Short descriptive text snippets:
%%
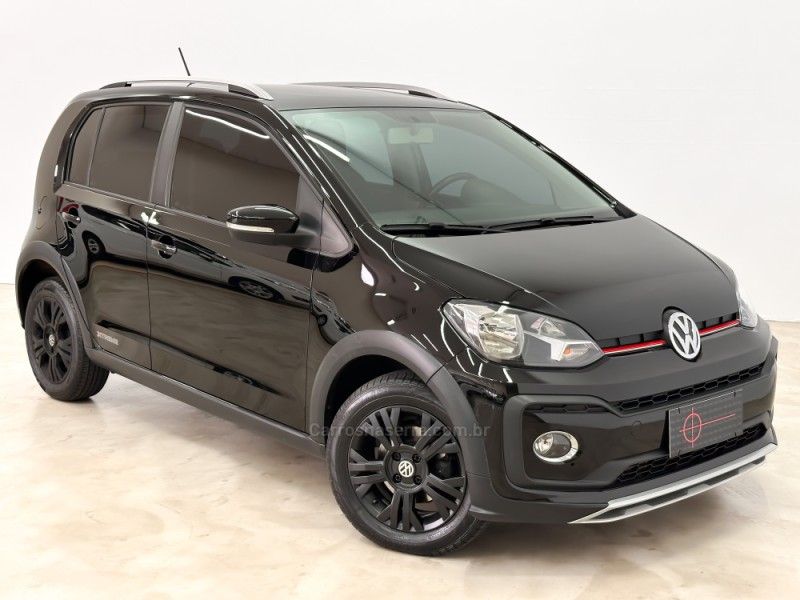 VOLKSWAGEN UP 1.0 TSI XTREME UP 12V 2019/2020 FOCAR VEÍCULOS CAXIAS DO SUL / Carros no Vale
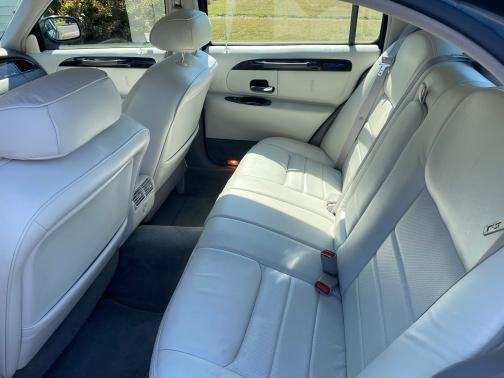 1999 Lincoln Town Car Signature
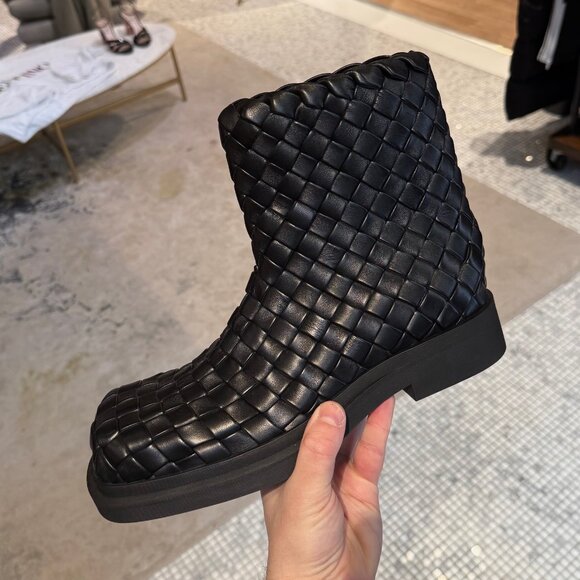 Bottega Veneta Black Supple Lambskin Intrecciato Weave Ben Ankle Boots - Picture 11 of 13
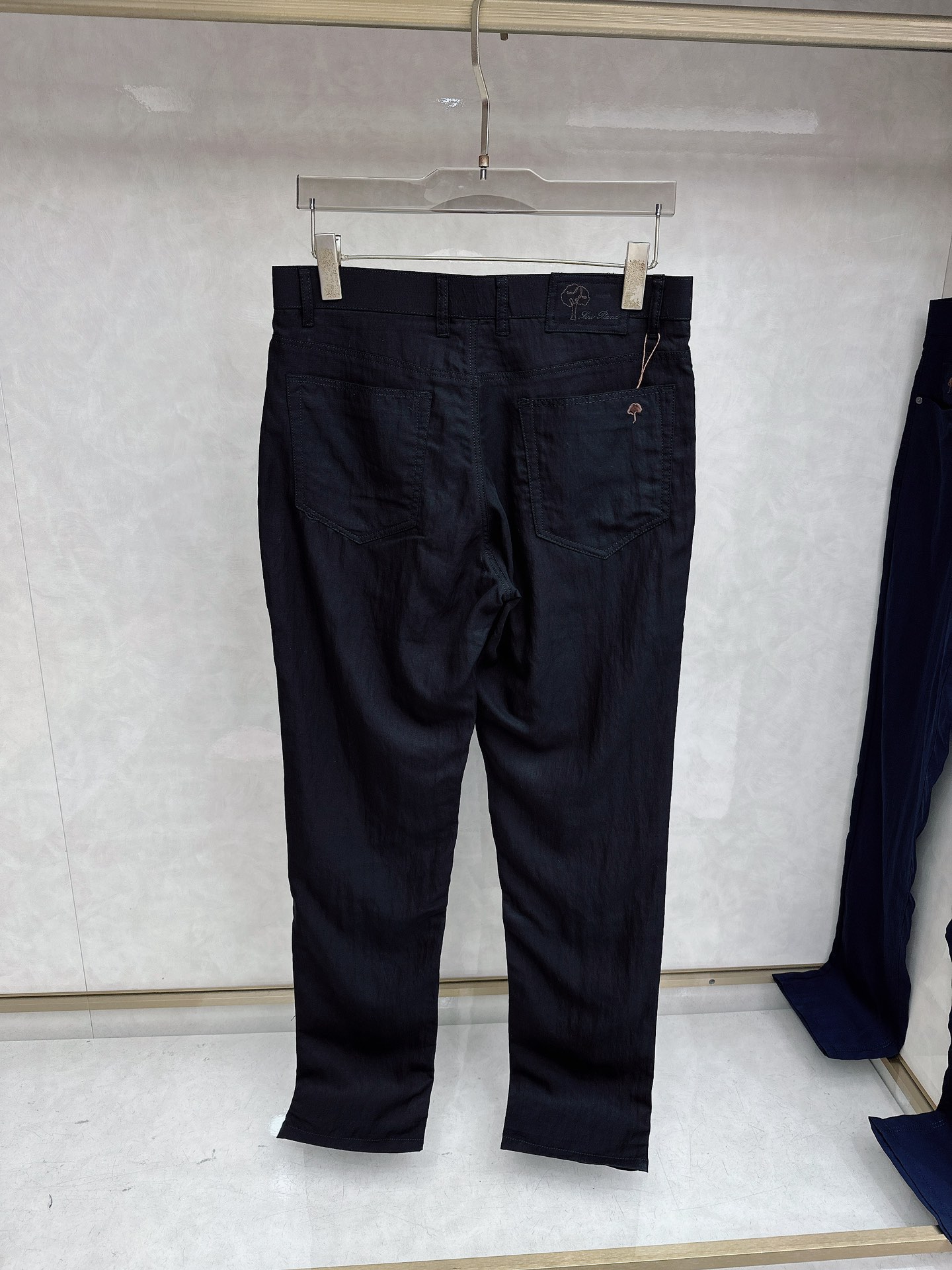 Loro piana 春夏新品重工休闲牛仔裤👖，进口优质水洗弹力面料，上身舒适透气有弹力，客供五金辅料装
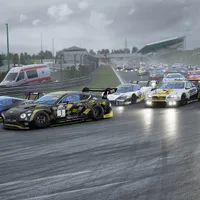 Pe circuitul vitual de la Hungaroring, vremea schimbătoare a pus la grea încercare echipajele.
%%
*TASK PROMPT*.
Print again, exactly, the lines of the records above from the first line through the line with "Loro piana 春夏新品重工休闲牛仔裤👖，进口优质水洗弹力面料，上身舒适透气有弹力，客供五金辅料装". No pictures.

*EXERCISE OUTPUT*.
 VOLKSWAGEN UP 1.0 TSI XTREME UP 12V 2019/2020 FOCAR VEÍCULOS CAXIAS DO SUL / Carros no Vale
 1999 Lincoln Town Car Signature
 Bottega Veneta Black Supple Lambskin Intrecciato Weave Ben Ankle Boots - Picture 11 of 13
 Loro piana 春夏新品重工休闲牛仔裤👖，进口优质水洗弹力面料，上身舒适透气有弹力，客供五金辅料装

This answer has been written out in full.